BGE 145 I 121 c. 4 du 17 décembre 2018
La contribution de financement de l'Église cantonale à un centre de consultation ne viole pas la liberté religieuse.
Le soutien indirect de buts non religieux par des communautés religieuses est admissible.
«La liberté de croyance de l'Église catholique romaine cantonale ou le droit de l'Église cantonale ne sont pas violés par la contribution liée à conditions de l'Église catholique cantonale des Grisons de Fr. 15'000.- à un centre de consultation pour la planification familiale, la sexualité, la grossesse et le partenariat.»

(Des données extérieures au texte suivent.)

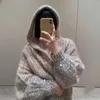 Women's Knits Autumn Fashion Sweet Dream Gradient Color Sequins Embroidery Cardigans Women Sweater Hooded Long Sleeve Lazy Style Knit Coat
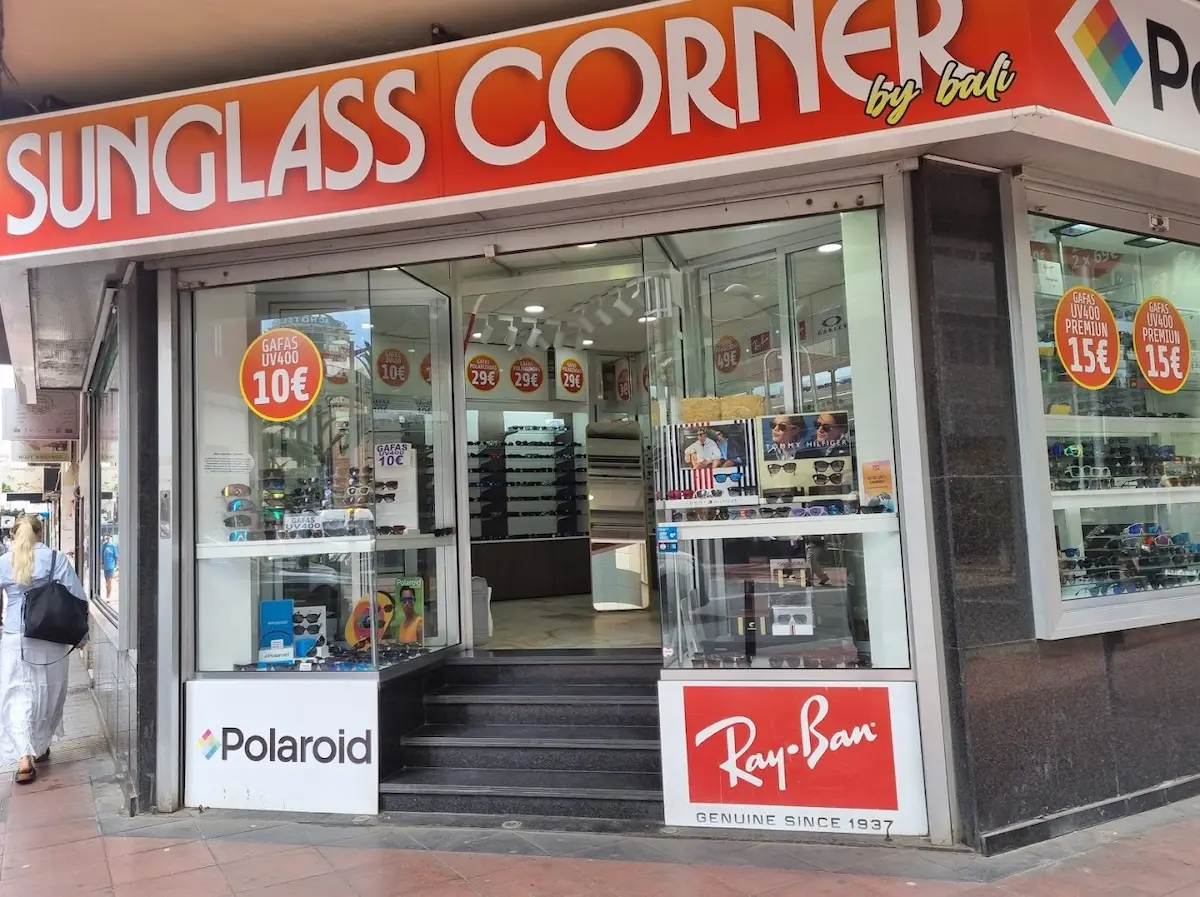 Sunglass Corner on the corner of Calle Thomas Miller and Calle Luis Morote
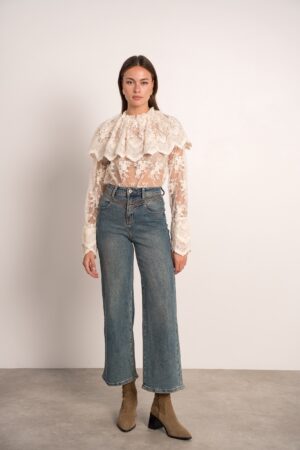 חולצה עם תחרה Rita | לבן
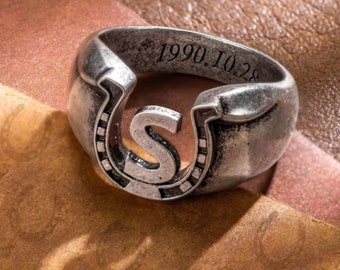 Personalized Horseshoe Ring Custom Initial Letter Engraved Name Birthday Western Jewellery Gifts for Her Mom Wife Cowgirl Gift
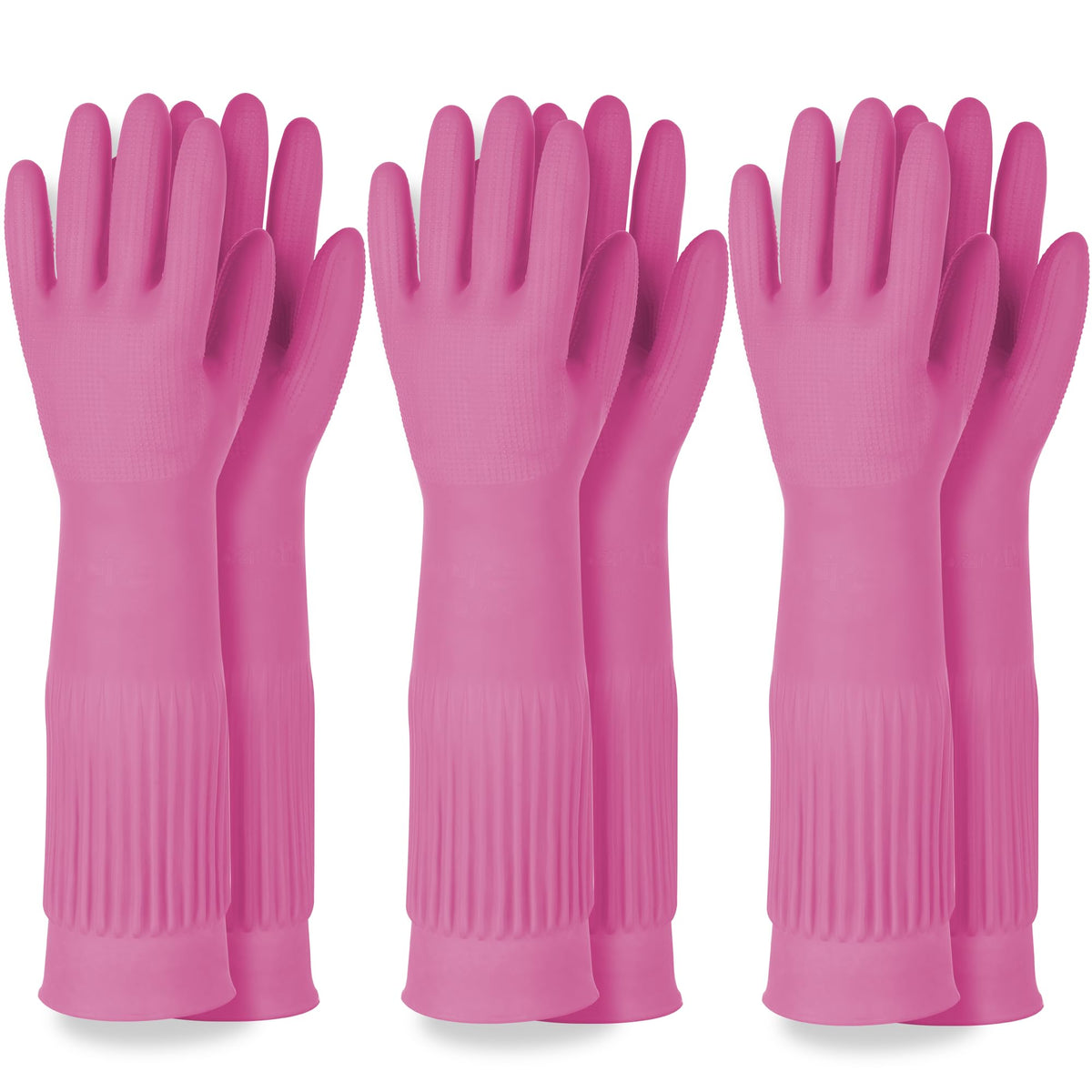 Mamison Rubber Dishwashing Gloves, Non-Slip Kitchen, Pink Medium, 2 Pairs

#Minorités religieuses et intégration
BGE 126 I 133 c. 4 du 23 mai 2000
L'activité missionnaire sur terrain public est soumise à des restrictions locales.
La liberté religieuse n'est pas illimitée et doit être mise en balance avec d'autres intérêts.
«Celui qui veut distribuer des prestations payantes et ne fait pas clairement reconnaître au public visé le but de mission éventuellement lié à cela doit accepter que ses actions publicitaires ne soient pas privilégiées sous l'angle de la liberté religieuse.»
#Rapport avec la CEDH
BGE 132 I 167 c. 3 du 10 mai 2006
Liberté religieuse et protection contre la discrimination lors de la naturalisation.
L'art. 15 Cst. et l'art. 9 CEDH ont un effet protecteur parallèle.
«L'invocation de l'art. 15 Cst. et de l'art. 9 CEDH n'a pas de signification autonome en vue du grief que la naturalisation a été refusée pour des motifs discriminatoires en raison de l'appartenance religieuse, car l'interdiction de discrimination de l'art. 8 al. 2 Cst. offre une protection plus étendue.»